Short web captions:

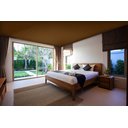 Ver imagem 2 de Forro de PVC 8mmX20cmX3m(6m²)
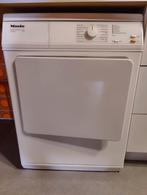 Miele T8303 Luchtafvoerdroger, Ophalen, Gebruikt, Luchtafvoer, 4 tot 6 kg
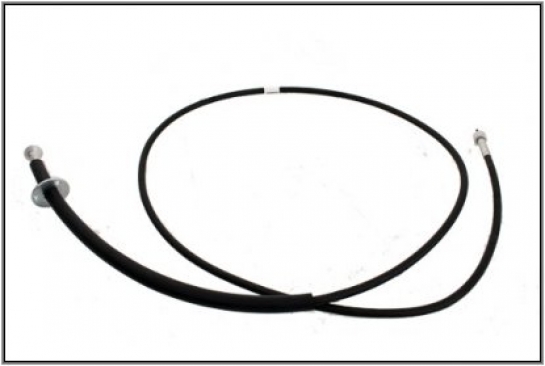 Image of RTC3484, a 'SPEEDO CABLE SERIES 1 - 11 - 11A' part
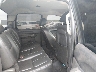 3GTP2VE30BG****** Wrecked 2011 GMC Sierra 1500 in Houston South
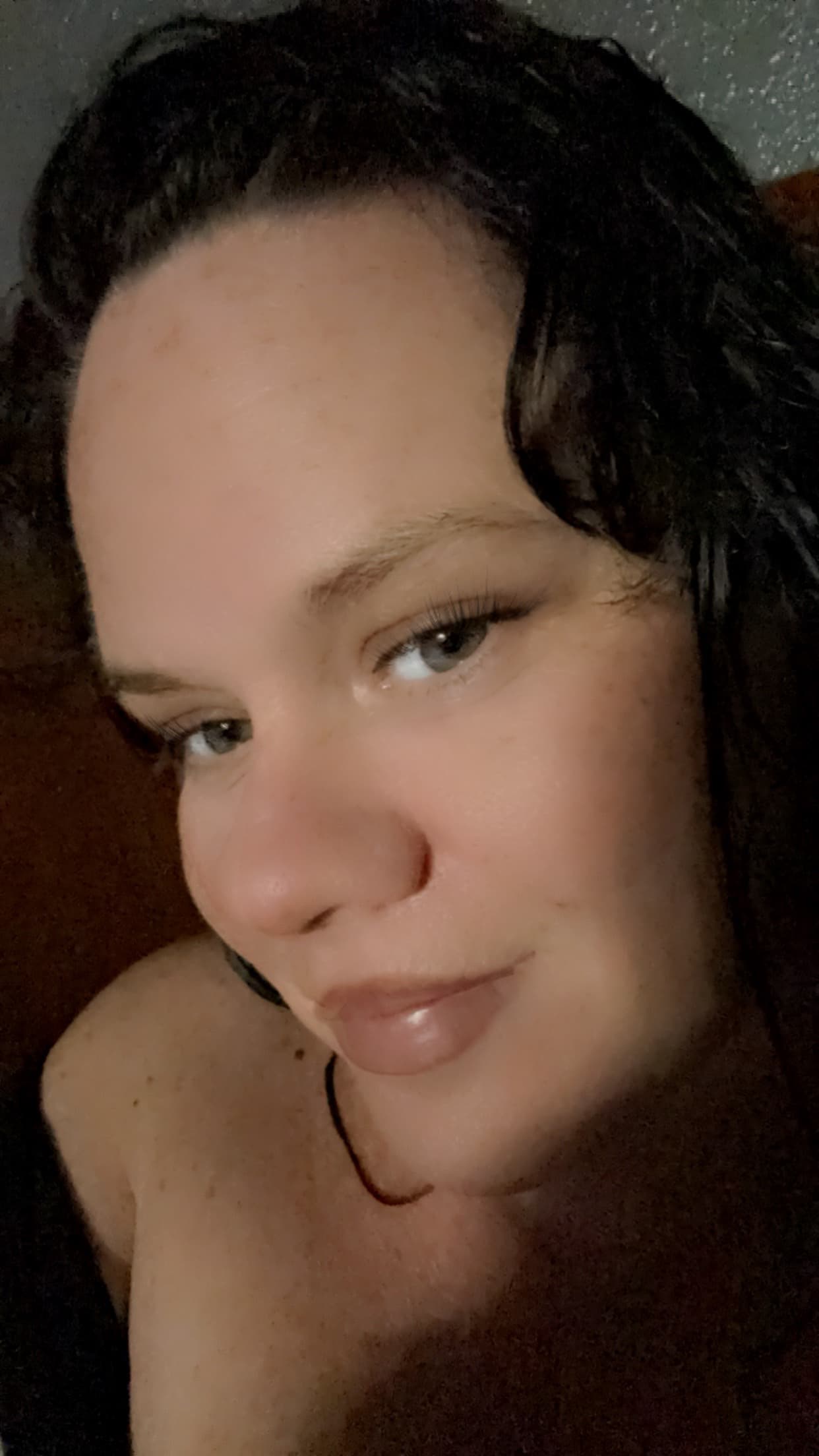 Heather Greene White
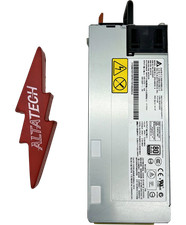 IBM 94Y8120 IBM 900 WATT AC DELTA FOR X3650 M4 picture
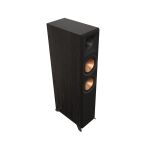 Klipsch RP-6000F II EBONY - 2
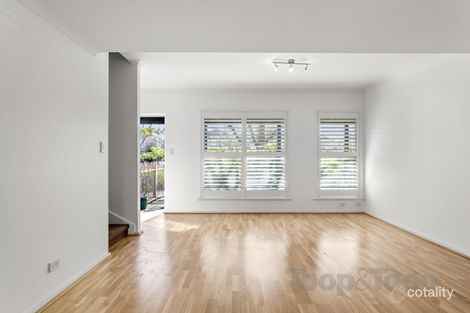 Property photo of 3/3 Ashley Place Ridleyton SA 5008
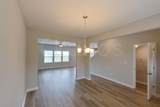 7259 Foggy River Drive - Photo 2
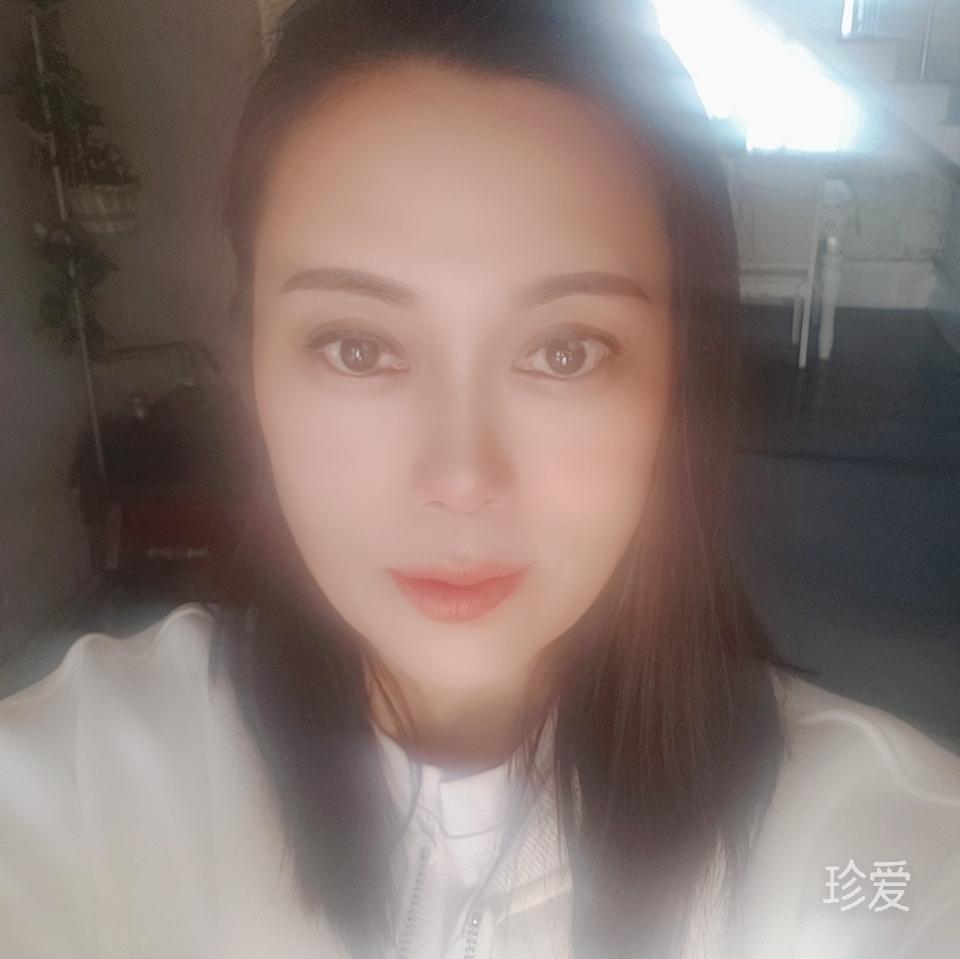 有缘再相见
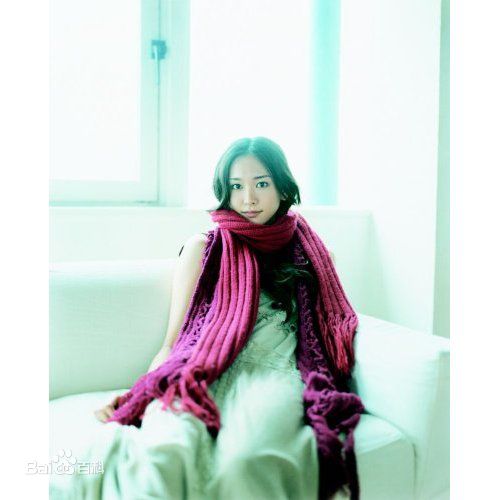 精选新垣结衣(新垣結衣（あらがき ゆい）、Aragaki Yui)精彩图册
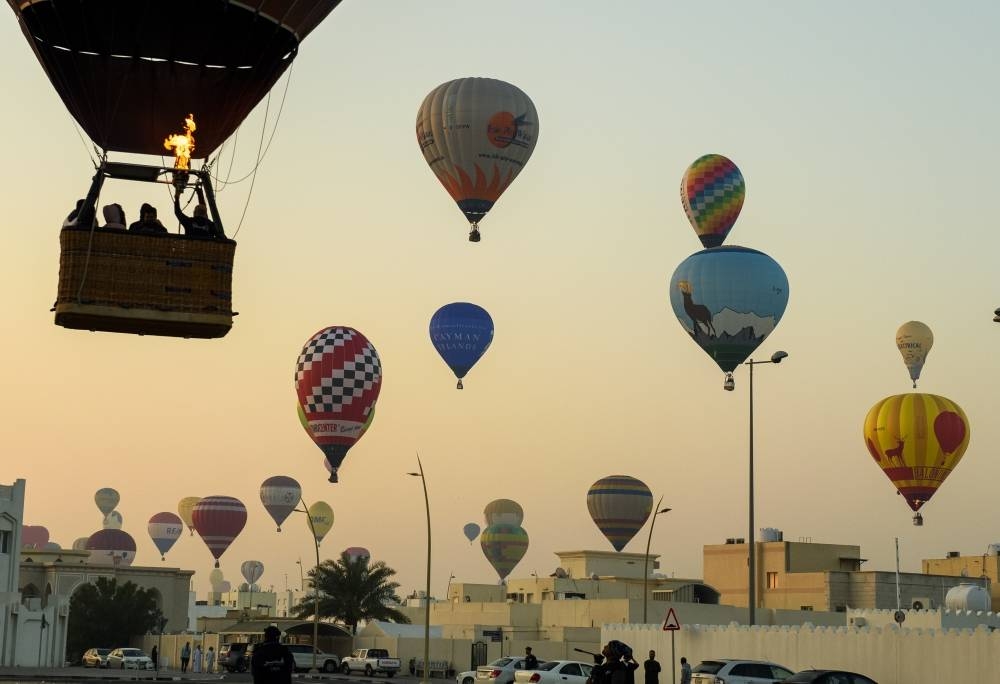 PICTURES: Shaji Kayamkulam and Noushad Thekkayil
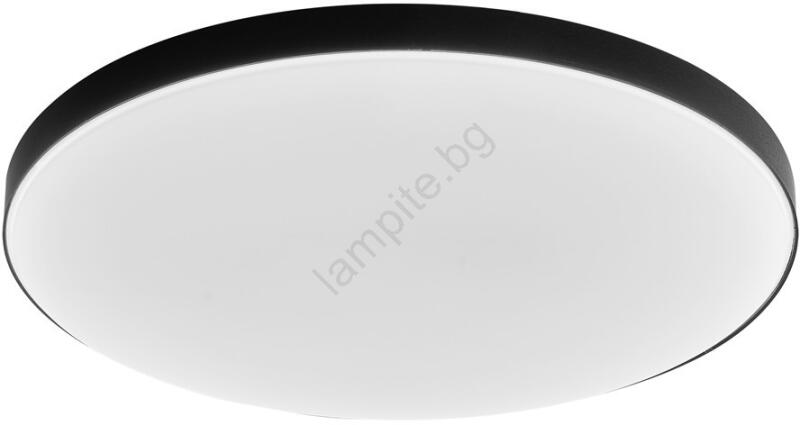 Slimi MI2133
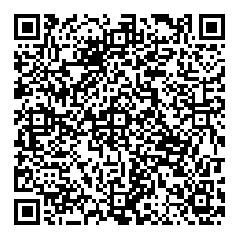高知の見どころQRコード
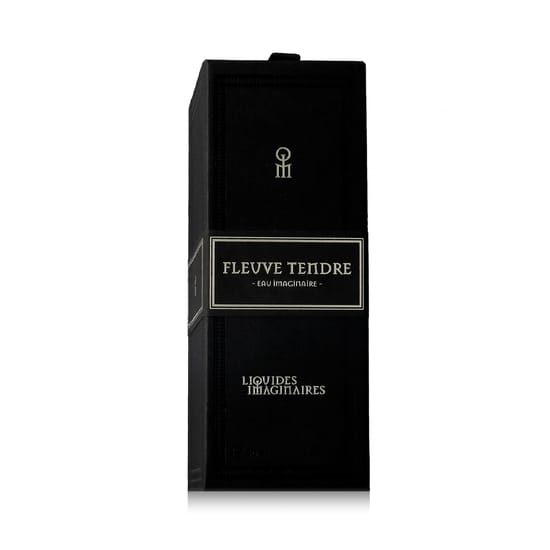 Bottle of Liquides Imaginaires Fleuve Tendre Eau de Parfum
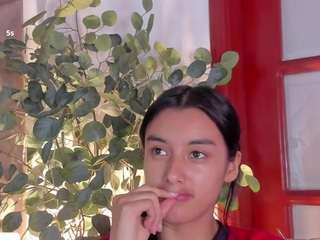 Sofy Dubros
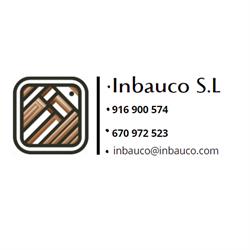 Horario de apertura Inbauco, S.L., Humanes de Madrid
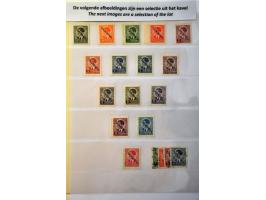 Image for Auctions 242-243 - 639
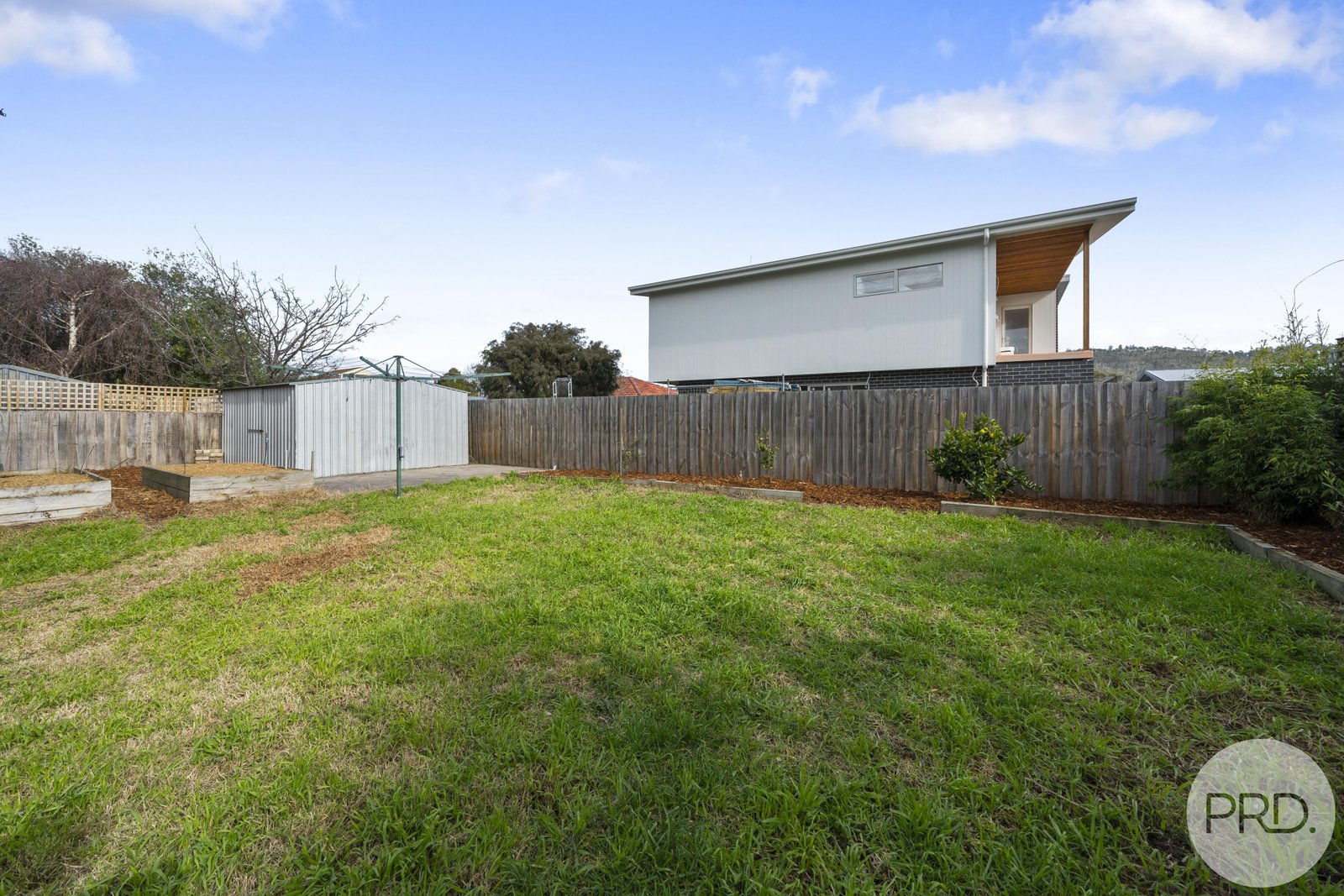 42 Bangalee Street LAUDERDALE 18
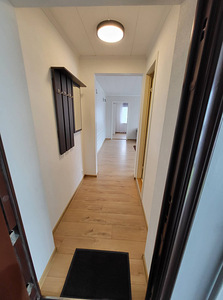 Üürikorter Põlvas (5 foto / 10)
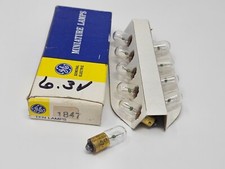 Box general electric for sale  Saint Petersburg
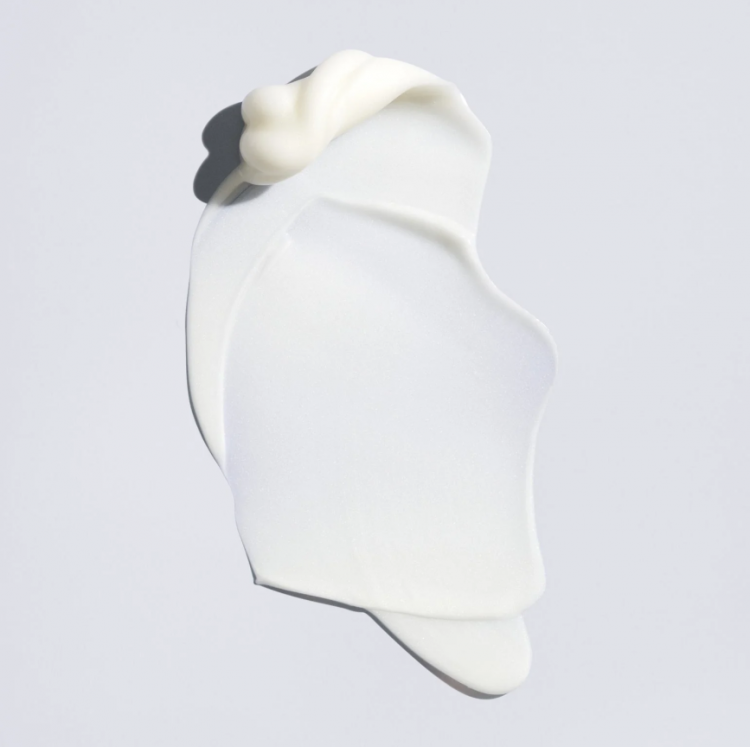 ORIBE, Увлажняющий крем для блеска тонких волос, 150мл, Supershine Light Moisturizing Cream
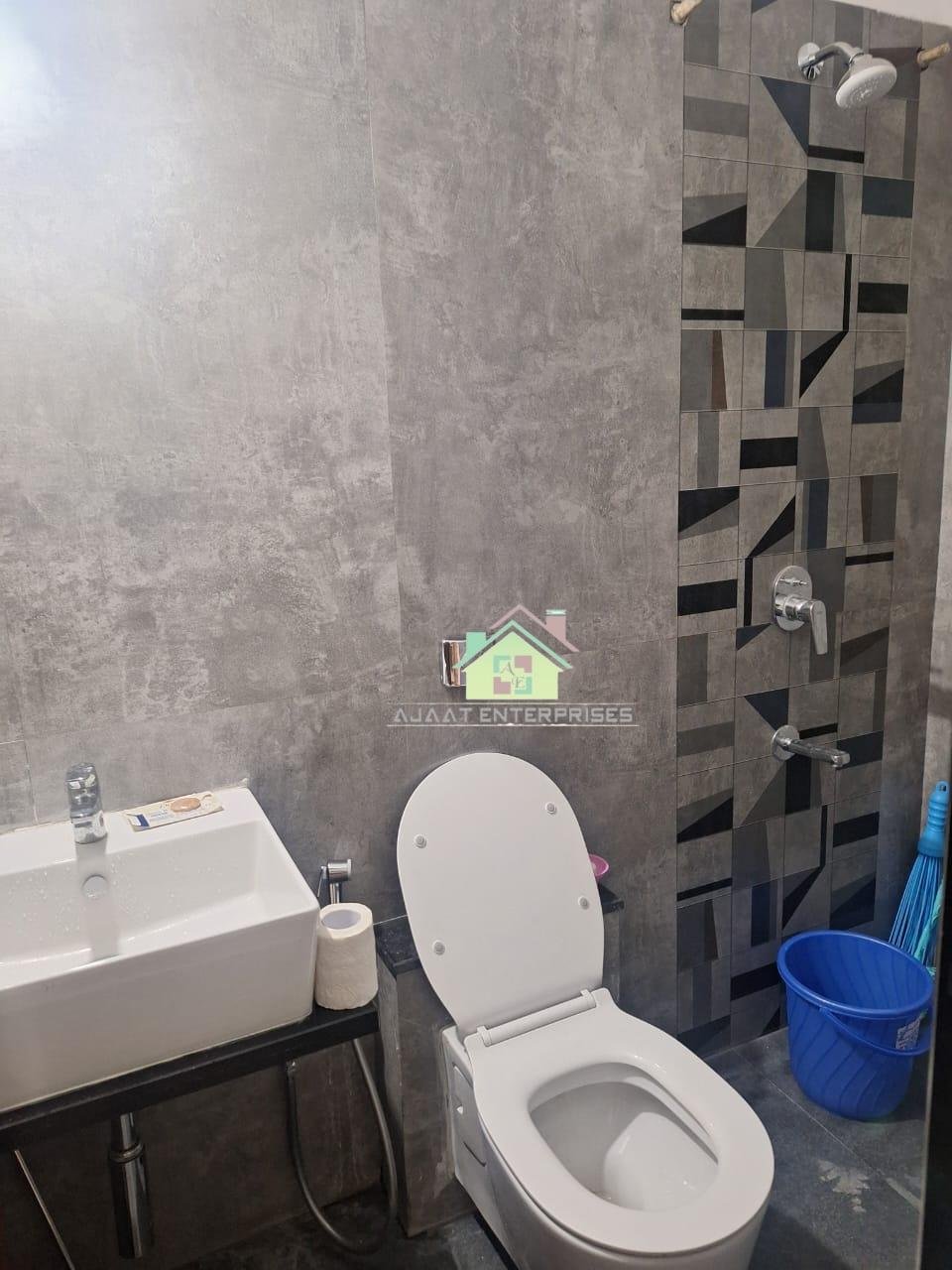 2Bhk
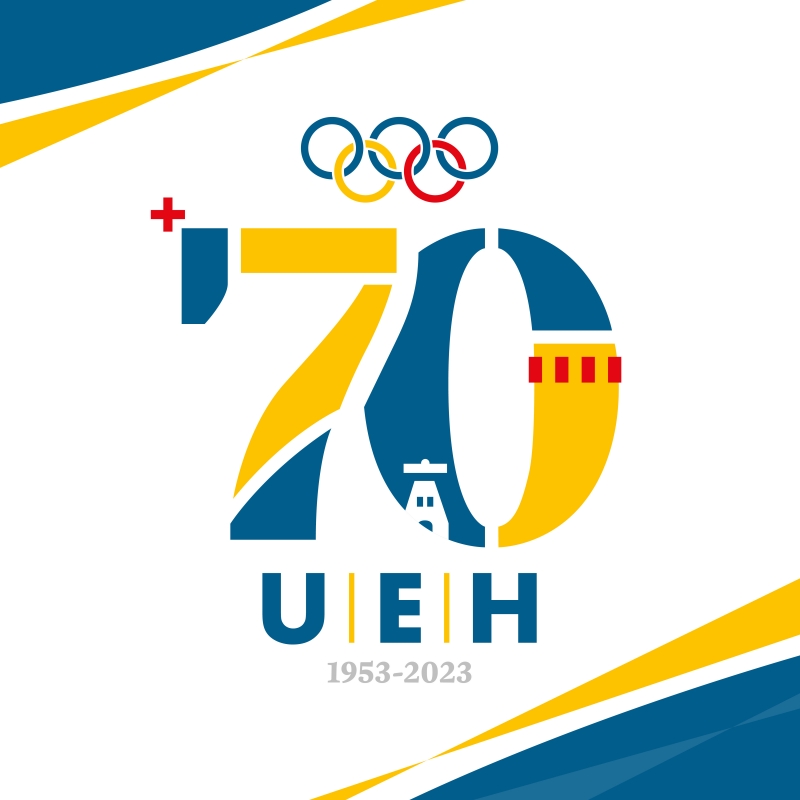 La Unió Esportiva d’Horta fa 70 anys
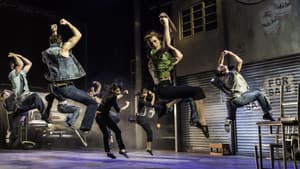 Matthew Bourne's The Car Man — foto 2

**WHAT TO PRODUCE:**
Every entry above is to be set down exactly; the pictures are to be left out.

**TASK OUTPUT:**
 Ver imagem 2 de Forro de PVC 8mmX20cmX3m(6m²)
 Miele T8303 Luchtafvoerdroger, Ophalen, Gebruikt, Luchtafvoer, 4 tot 6 kg
 Image of RTC3484, a 'SPEEDO CABLE SERIES 1 - 11 - 11A' part
 3GTP2VE30BG****** Wrecked 2011 GMC Sierra 1500 in Houston South
 Heather Greene White
 IBM 94Y8120 IBM 900 WATT AC DELTA FOR X3650 M4 picture
 Klipsch RP-6000F II EBONY - 2
 Property photo of 3/3 Ashley Place Ridleyton SA 5008
 7259 Foggy River Drive - Photo 2
 有缘再相见
 精选新垣结衣(新垣結衣（あらがき ゆい）、Aragaki Yui)精彩图册
 PICTURES: Shaji Kayamkulam and Noushad Thekkayil
 Slimi MI2133
高知の見どころQRコード
 Bottle of Liquides Imaginaires Fleuve Tendre Eau de Parfum
 Sofy Dubros
 Horario de apertura Inbauco, S.L., Humanes de Madrid
 Image for Auctions 242-243 - 639
 42 Bangalee Street LAUDERDALE 18
 Üürikorter Põlvas (5 foto / 10)
 Box general electric for sale  Saint Petersburg
 ORIBE, Увлажняющий крем для блеска тонких волос, 150мл, Supershine Light Moisturizing Cream
 2Bhk
 La Unió Esportiva d’Horta fa 70 anys
 Matthew Bourne's The Car Man — foto 2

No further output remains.